Thursday, March 09, 2006

Jay Bennish Update

Fortunately, it appears cooler heads have prevailed. I always suspected school admistrators, who knew Bennish had done nothing wrong, would let him back into the classroom with no discipline whatsoever. And he won't apologize. And he has nothing to apologize for. Bennish was engaging in the most time-proven learning technique ever deployed by good teachers: He was generating controversy in order to make students think.

He's not completely out of the woods...Republican members of Colorado's state board of education want his head. But they won't get it. Disciplining teachers is the province of local administrators. And Bennish hasn't violated any policies.

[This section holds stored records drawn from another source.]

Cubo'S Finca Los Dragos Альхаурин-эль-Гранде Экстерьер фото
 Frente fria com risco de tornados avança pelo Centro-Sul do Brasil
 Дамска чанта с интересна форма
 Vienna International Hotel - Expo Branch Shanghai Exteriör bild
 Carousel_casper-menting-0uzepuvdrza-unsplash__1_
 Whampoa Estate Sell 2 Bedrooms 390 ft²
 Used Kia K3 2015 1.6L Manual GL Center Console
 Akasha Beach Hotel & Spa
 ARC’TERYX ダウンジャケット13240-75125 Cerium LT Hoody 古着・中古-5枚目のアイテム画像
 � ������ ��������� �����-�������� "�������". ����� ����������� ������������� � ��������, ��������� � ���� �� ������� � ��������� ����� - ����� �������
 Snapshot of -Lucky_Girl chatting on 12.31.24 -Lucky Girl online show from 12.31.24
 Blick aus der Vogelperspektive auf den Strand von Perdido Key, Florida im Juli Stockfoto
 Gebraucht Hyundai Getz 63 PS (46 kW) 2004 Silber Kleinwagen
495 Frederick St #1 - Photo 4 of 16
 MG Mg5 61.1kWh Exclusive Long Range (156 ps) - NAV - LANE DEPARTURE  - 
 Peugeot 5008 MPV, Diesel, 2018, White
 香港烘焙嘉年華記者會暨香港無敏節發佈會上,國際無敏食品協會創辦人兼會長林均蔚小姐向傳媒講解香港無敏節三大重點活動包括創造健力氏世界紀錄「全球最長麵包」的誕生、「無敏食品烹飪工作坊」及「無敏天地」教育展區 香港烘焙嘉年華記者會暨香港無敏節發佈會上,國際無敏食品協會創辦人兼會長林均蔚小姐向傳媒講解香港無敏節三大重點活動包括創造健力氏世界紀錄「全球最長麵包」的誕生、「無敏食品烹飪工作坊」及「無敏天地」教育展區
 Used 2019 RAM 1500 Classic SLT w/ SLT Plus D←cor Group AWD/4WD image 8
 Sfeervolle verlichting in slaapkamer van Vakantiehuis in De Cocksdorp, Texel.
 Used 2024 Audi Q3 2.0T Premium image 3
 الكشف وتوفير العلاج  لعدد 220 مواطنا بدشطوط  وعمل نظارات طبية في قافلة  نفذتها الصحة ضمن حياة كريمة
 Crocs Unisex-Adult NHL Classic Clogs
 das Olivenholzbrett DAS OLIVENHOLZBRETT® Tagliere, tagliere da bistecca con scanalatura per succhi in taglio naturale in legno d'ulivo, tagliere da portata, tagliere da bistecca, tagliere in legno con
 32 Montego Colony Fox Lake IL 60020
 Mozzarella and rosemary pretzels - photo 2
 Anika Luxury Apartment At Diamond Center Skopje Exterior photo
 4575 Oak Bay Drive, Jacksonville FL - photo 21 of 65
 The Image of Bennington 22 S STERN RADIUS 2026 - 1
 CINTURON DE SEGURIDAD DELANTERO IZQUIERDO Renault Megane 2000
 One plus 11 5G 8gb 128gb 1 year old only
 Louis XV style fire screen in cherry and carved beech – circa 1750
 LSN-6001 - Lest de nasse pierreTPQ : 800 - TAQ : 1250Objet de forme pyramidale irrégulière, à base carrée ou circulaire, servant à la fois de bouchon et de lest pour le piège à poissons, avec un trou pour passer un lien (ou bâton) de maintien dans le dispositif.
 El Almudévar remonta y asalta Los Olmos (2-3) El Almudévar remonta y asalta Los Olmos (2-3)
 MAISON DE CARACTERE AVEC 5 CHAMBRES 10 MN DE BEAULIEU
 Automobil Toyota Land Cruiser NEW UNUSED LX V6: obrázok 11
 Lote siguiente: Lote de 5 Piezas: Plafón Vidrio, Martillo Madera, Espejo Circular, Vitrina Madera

The warborgs who called for Bennish's lynching (and pretty much all of them did) kept repeating the extremely ignorant argument that what Bennish said had nothing to do with geography. Not so, I kept screaming. But this excellent editorial puts it better than I did:
This was the most common attack across the right-wing blogosphere and radio world—-that Bennish had no right to discuss geopolitics in a class on geopolitics.
After elementary school, geography moves beyond “name that country” map study. Geography is multidisciplinary. It explores, among other things, how and why countries came into existence, and it studies the continuing evolution of the earth’s political geography. Scholars earn doctorates in geography, not because they are extremely proficient with colored crayons or have memorized all of the world’s capitol cities but because they have endeavored to explain how we got to where we are and where, perhaps, we’re going.
Bennish teaches Accelerated World Geography, an honors class designed to prepare students for college. In his course syllabus, Bennish explains that his course will “look into the geographical—or spatial—relationships between human societies and cultures, the natural environment, and historical changes that have shaped the contemporary world. More than answering the question ‘what is where,’ this course adopts a conceptual approach to understanding and explaining the dynamic human and natural features of the earth’s surface.” Themes covered during the semester, he explains, include “population, religion, human rights, notions of development and underdevelopment, impact of colonialism historically and currently, sustainability, impacts of modernization on developing countries, globalization of economy and culture, political and international conflict, cultural diversity, and global environmental concerns.” In order to effectively teach this stuff, he explains, “A deeper understanding of current events from a historical and geographical perspective is imperative. Thus, timely issues and events in the news will be tied into the overall framework of the course.”

The thing is, I'd go to the wall to defend this guy if he had been "guilty" of expressing leftist opinions in the classroom. As I opined earlier this week, right now there is absolutely no check on unfiltered super-pro-Bushite-patriotism in public school classrooms. There is no "balance" to restore, and I've yet to hear any conservatives with the proverbial walnuts to offer some argument saying that it's okay to shove rightist opinions down students' throats without allowing them to hear the other side (I have no doubt that's what most of them believe, but that lack of walnuts hinders their honesty on this point).

But the thing really is, I don't have to go to the wall to defend Jay Bennish. He wasn't doing what the warborgs said he was doing. He was, in fact, teaching. God bless him, and may he return to the classroom more enthusiastic and emboldened than ever.